Witnesses and local media report at least four more protesters killed as death toll passes 80.

More than 80 people had been killed in widespread protests against the military's seizure of power last month, the Assistance Association for Political Prisoners advocacy group said [AP]
More than 80 people had been killed in widespread protests against the military's seizure of power last month, the Assistance Association for Political Prisoners advocacy group said [AP]

Anti-coup demonstrators pushed on with protests on Sunday – as Myanmar neared its seventh week under military rule – with a group of MPs in hiding urging them to move with “invincibility” to overcome the nation’s “darkest moment”.

Witnesses and local media reported that at least two people were killed on Sunday when security forces fired on the protesters.

A young man was shot and killed in the town of Bago, near the commercial capital, Yangon, witnesses and local media said.

Kyaw Swar, a resident and protester from Bago city, told dpa news agency that a fellow demonstrator was killed by a gunshot and that several others were injured.

“Tension has increased,” he said. “People won’t stop protesting and the military forces are trying to crack down.”

The Kachinwaves outlet said another protester was killed in the town of Hpakant, in the jade mining area in the northeast.

On Saturday, four deaths were reported in Mandalay, the country’s second-biggest city, two in Pyay, a town in south-central Myanmar, and one in Twante, a suburb of Yangon.

Details of all seven deaths were posted on multiple social media accounts, some accompanied by photos of the victims.

More than 80 people have been killed in widespread protests against the military’s seizure of power last month, the Assistance Association for Political Prisoners advocacy group said. At least 2,100 people have been arrested.

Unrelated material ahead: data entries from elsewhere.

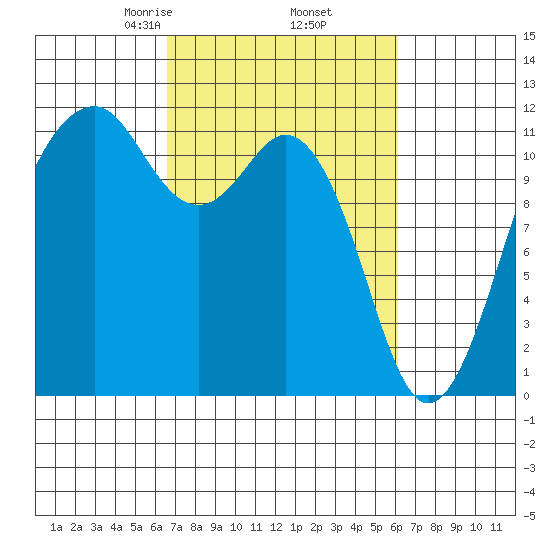 Tacoma Narrows tide chart for Monday, March 8, 2021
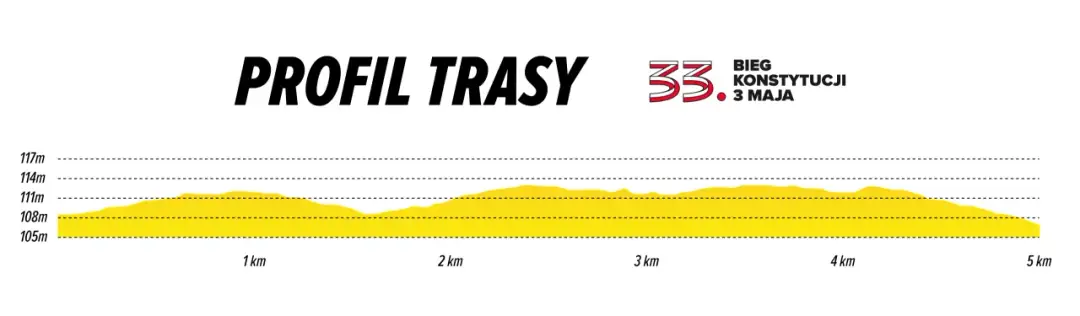 Bieg 3 maja w Warszawie - szczegóły wydarzenia, trasa, zapisy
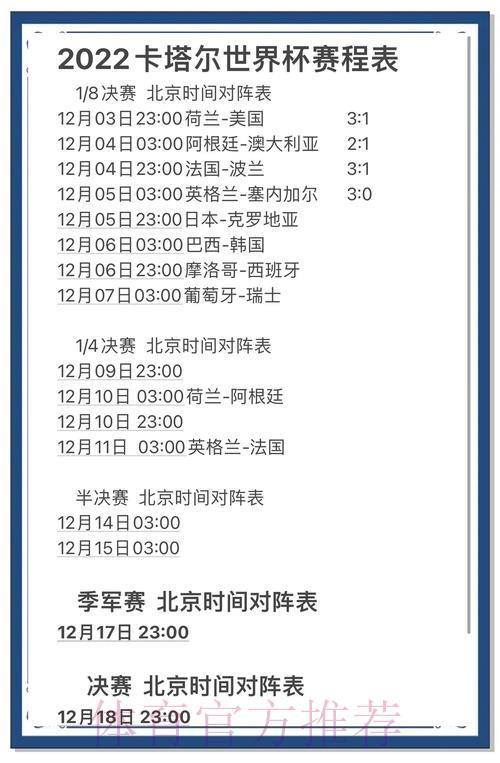 预测世界杯比分的五种关键方法 预测世界杯比分的五种关键方法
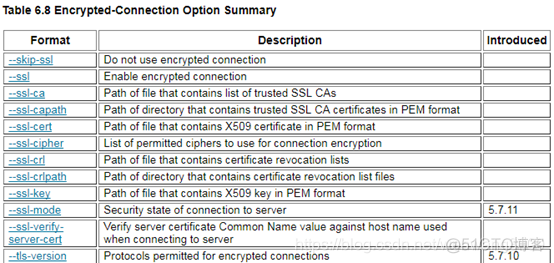 mysql5.7系列教程（四）安全_客户端_06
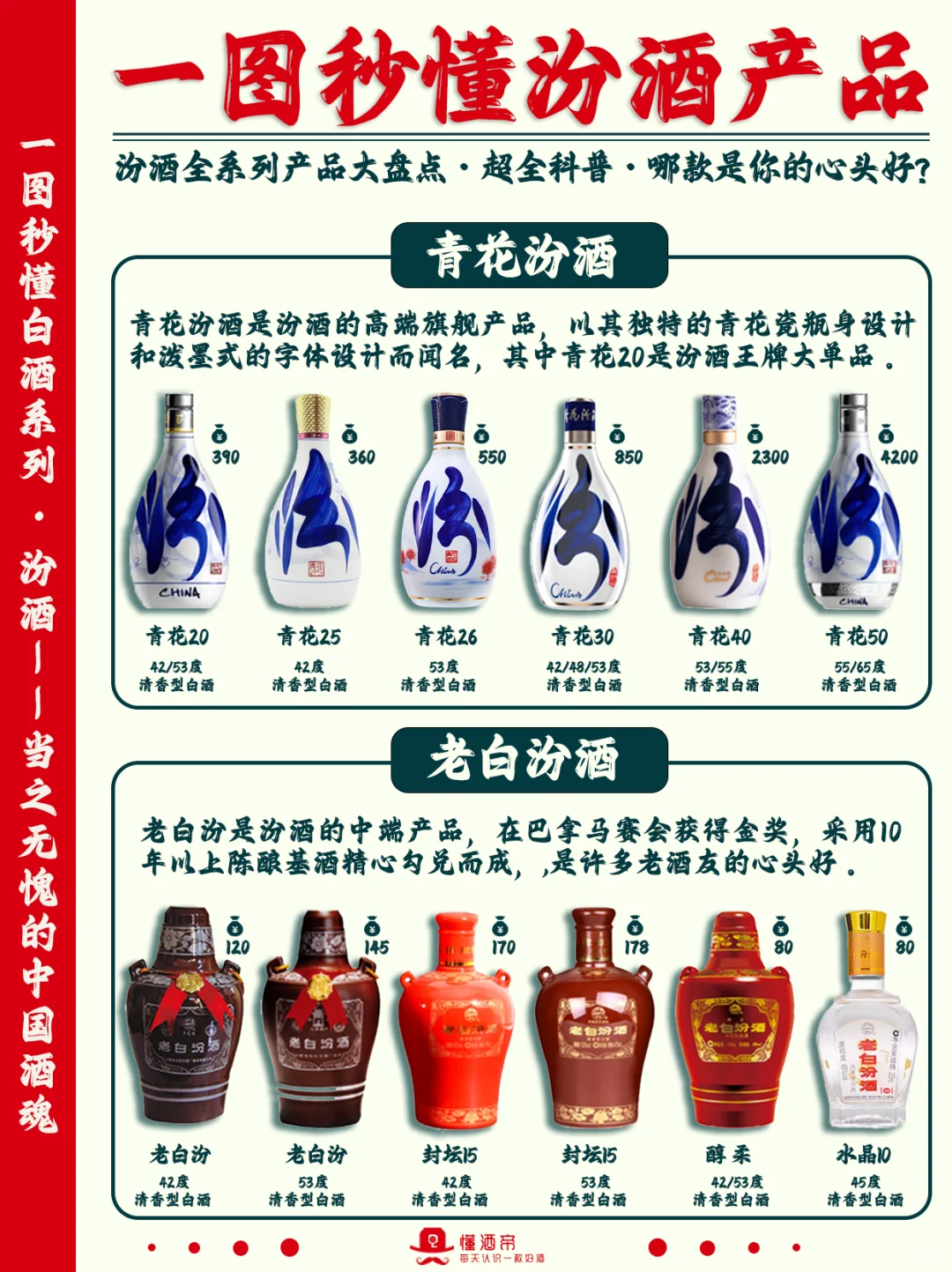 一图秒懂?汾酒家族?超全科普✅️收藏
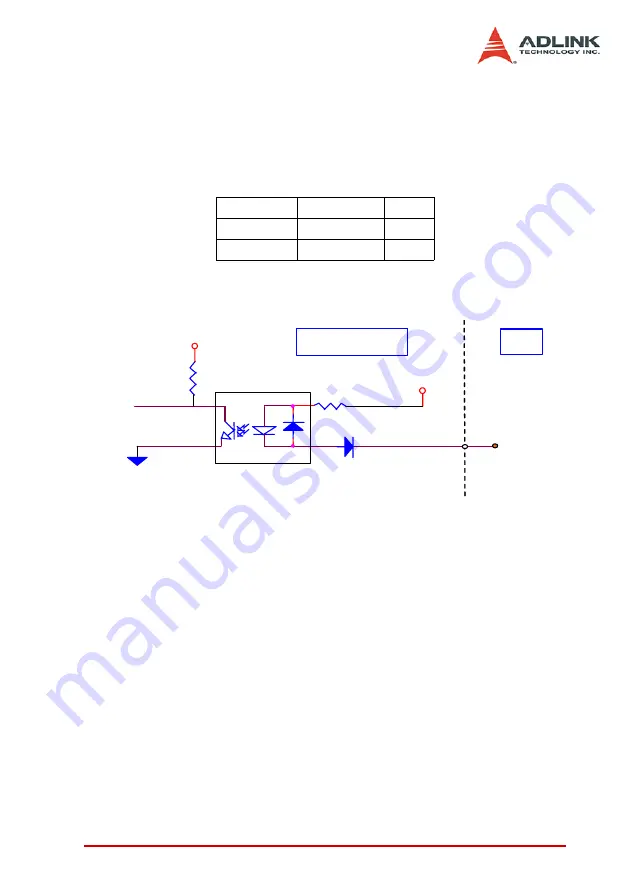 ADLINK Technology PCI-8102 User Manual Download Page 37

The acting leader of Myanmar’s parallel civilian government, appointed by legislators who were removed following a power grab by the military in February, has promised to pursue a “revolution” to overturn the military government.

Last week, Mahn Win Khaing Than was appointed as acting vice president by representatives of Myanmar’s overthrown legislators, the Committee for Representing Pyidaungsu Hluttaw (CRPH), which is pushing for recognition as the rightful government.

“This is the darkest moment of the nation and the moment that the dawn is close,” said Mahn Win Khaing Than, who is on the run along with most senior officials from the ruling National League for Democracy party, while addressing the public via Facebook on Saturday.

He said the civilian government would “attempt to legislate the required laws so that the people have the right to defend themselves” against the military crackdown.

Protesters wearing protective equipment sit on a makeshift barricade meant to deter security forces during a demonstration against the military coup in Yangon on Sunday [AFP]
The CRPH has announced its intention to create a federal democracy and leaders have been meeting representatives of Myanmar’s largest ethnic armed organisations, which already control vast swaths of territory across the country. Some have pledged their support.

“In order to form a federal democracy, which all ethnic brothers, who have been suffering various kinds of oppressions from the dictatorship for decades, really desired, this revolution is the chance for us to put our efforts together,” Mahn Win Khaing Than said.

His address was greeted with thousands of approving comments from many who followed it on Facebook.

“Keep it up Mr President! You are our hope. We are all with you,” wrote one user, Ko Shan.

The military government has declared CRPH illegal and said anyone involved with it could be charged with treason, which carries the death penalty.

The CRPH has declared the military government a “terrorist organisation”.

“We have seen protesters coming out onto the streets since early morning,” said Al Jazeera’s Tony Cheng, reporting from neighbouring Thailand.

“In Mandalay, there was a brutal crackdown yesterday and yet they came out today. It appears security forces have stepped back there.

“The protesters have realised there is very little they can do in the face of live fire and bullets so they are trying to put up obstructions and using fire extinguishers to block the snipers’ view to give themselves a chance to escape.”

Earlier, the Monywa township in central Myanmar declared it had formed its own local government and police force.

In Yangon, hundreds of people demonstrated in different parts of the city after putting up barricades of barbed wire and sandbags to block security forces.

In one area, people staged a sit-in protest under sheets of tarpaulin rigged up to protect them from the harsh midday sun.

“We need justice,” they chanted.

Security forces fired tear gas shells and then opened fire on protesters in the Hlaing Tharyar district of the city, witnesses said.

“They are acting like they are in a war zone, with unarmed people,” said Mandalay-based activist Myat Thu.

Si Thu Tun, another protester, said he saw two people shot, including a Buddhist monk.

“One of them was hit in the pubic bone, another was shot to death terribly,” he said.

A truck driver in Chauk, a town in the central Magway Region, died after being shot in the chest by police, a family friend said.

The military-run media MRTV’s evening news broadcast on Saturday labelled the protesters “criminals” but did not elaborate.